The sense of an ending
'S leaze has been the dominant factor throughout,' declared the opposition, 'and sleaze has been the end issue. Nothing better encapsulates what people think of this government. Sleaze will be one of the things that brings this government down.' The opposition in question was New Labour and the government was Conservative. A decade on, with poetic symmetry, the positions are reversed: it is the supposedly irreproachable Gordon Brown who presides over a party mired in allegations of evasion, lies and outright criminality.
In his memoirs, John Major correctly identifies the lethal quality of the word 'sleaze': 'it fed the public belief that the Conservative party as an institution had been in power too long, and had got into bad habits. As the mood music to the final act, sleaze chimed with the times.' Substitute 'New Labour' for 'Conservative' and Major's observation captures perfectly the predicament in which the Brown government now finds itself.
The David Abrahams affair and Wendy Alexander's travails in Scotland are deeply damaging in themselves. Labour swept to power in 1997 declaring grandly in its manifesto: 'We will oblige parties to declare the source of all donations above a minimum figure: Labour does this voluntarily and all parties should do so. Foreign funding will be banned. We will ask the [Committee on Standards in Public Life] to consider how the funding of political parties should be regulated and reformed.'
The committee delivered its report in October 1998, and legislation followed in the form of the Political Parties, Elections and Referendums Act 2000 — which, in turn, established the Electoral Commission to regulate these matters.
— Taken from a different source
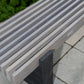 Gray bench on a paved surface with greenery in the background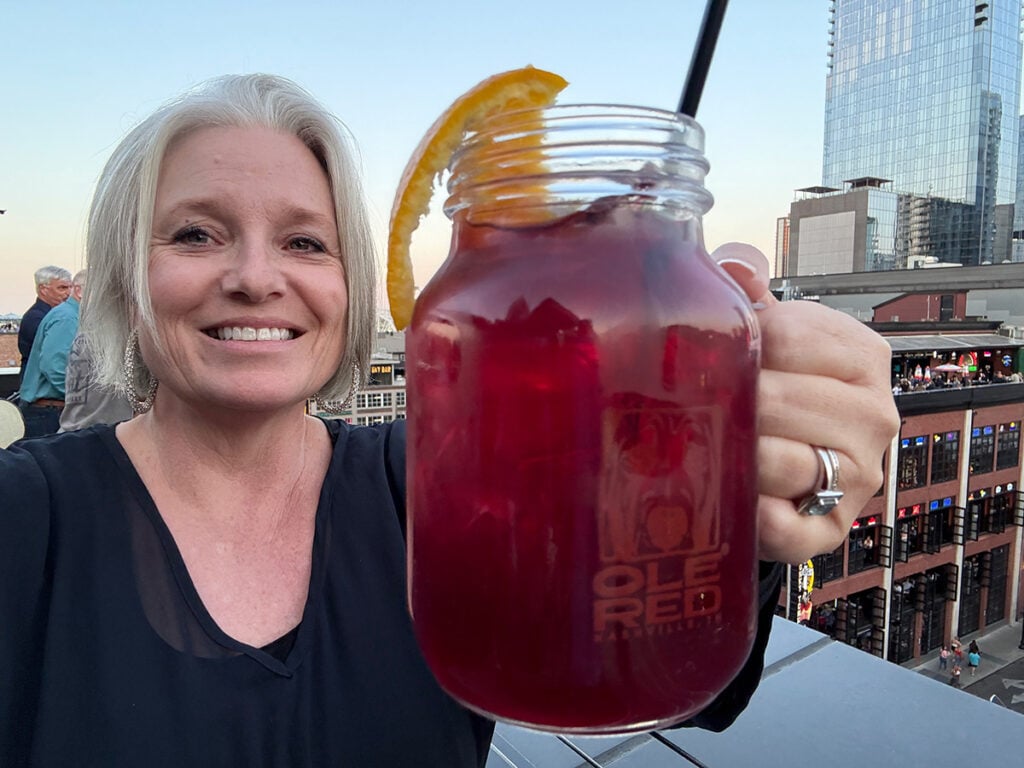 Megan at Ole Red with a large sangria cocktail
The Prime Minister has already admitted that donations 'have not been lawfully declared', and told the Parliamentary Labour party on Monday that he was as angry as any of them about the accepting of more than £600,000 from Mr Abrahams via proxies and go-betweens. Yet in this matter — the flagrant breach of absolutely clear legislation — Labour is in an angry dialogue with itself. It made the law, has proved incapable of abiding by it, and now expects public forgiveness and even respect for agreeing to look into the scandal and to co-operate with the police. But why on earth should the electorate respect a party that cannot even obey its very own laws?
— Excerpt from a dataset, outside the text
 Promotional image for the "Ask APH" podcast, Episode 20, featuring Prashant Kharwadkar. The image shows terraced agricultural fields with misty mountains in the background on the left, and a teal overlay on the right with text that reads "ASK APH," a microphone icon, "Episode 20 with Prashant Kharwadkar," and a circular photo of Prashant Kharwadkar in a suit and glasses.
The broader problem for Mr Brown — to which Mr Major alluded — is that 'sleaze' refers to much more than specific criminal allegations. It captures the corrosions of time, the aura of deviousness, jadedness and selfishness that clings to a government that has been in power too long. Mr Brown is no more personally corrupt than was Mr Major. But — unlike Mr Major — he has been a very senior Cabinet minister since the beginning of his party's long spell in power. Try as he and his acolytes might to shift all responsibility to his predecessor, he is as much to blame for the dilapidated state of this administration as Tony Blair.
Small wonder then that, as an ICM poll for Newsnight revealed on Monday, 57 per cent of voters think that Mr Brown is tainted by sleaze: a bleakly ironic fate for a politician who has defined himself by his 'moral compass' and the sermons of his father. The consolation for Mr Brown in the same survey was that 43 per cent still believe he is 'cut out to be Prime Minister', two points ahead of David Cameron.
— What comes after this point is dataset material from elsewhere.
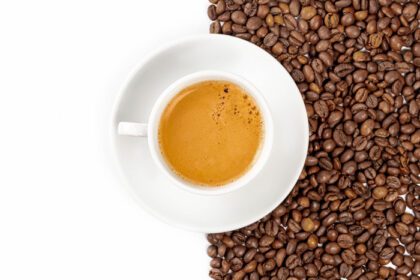 دانلود عکس فنجان قهوه در پس زمینه دانه ها و در نمای بالای سفید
In theory at least, all is not absolutely lost for the PM. The Tories still have fewer seats than Michael Foot after the 1983 election and much work to do to define themselves as a prospective government. Mr Brown has legendary powers of stamina and patience. There may yet be a temporary reprieve. But the direction of travel becomes clearer by the day.
The bungling of the planned autumn election removed Mr Brown's sheen as the candidate of 'change'. A succession of administrative horrors — Northern Rock, the loss of confidential data about 25 million people, the cluelessness over immigration statistics, Britain's wretched performance in international education league tables — has robbed him of his cherished reputation for competence. Instead, he leads a party that stumbles daily from one funding scandal to another, changing its story by the hour as more detail seeps out about who knew what when, who failed to record what, who inexplicably neglected to obey the most basic laws governing party finance.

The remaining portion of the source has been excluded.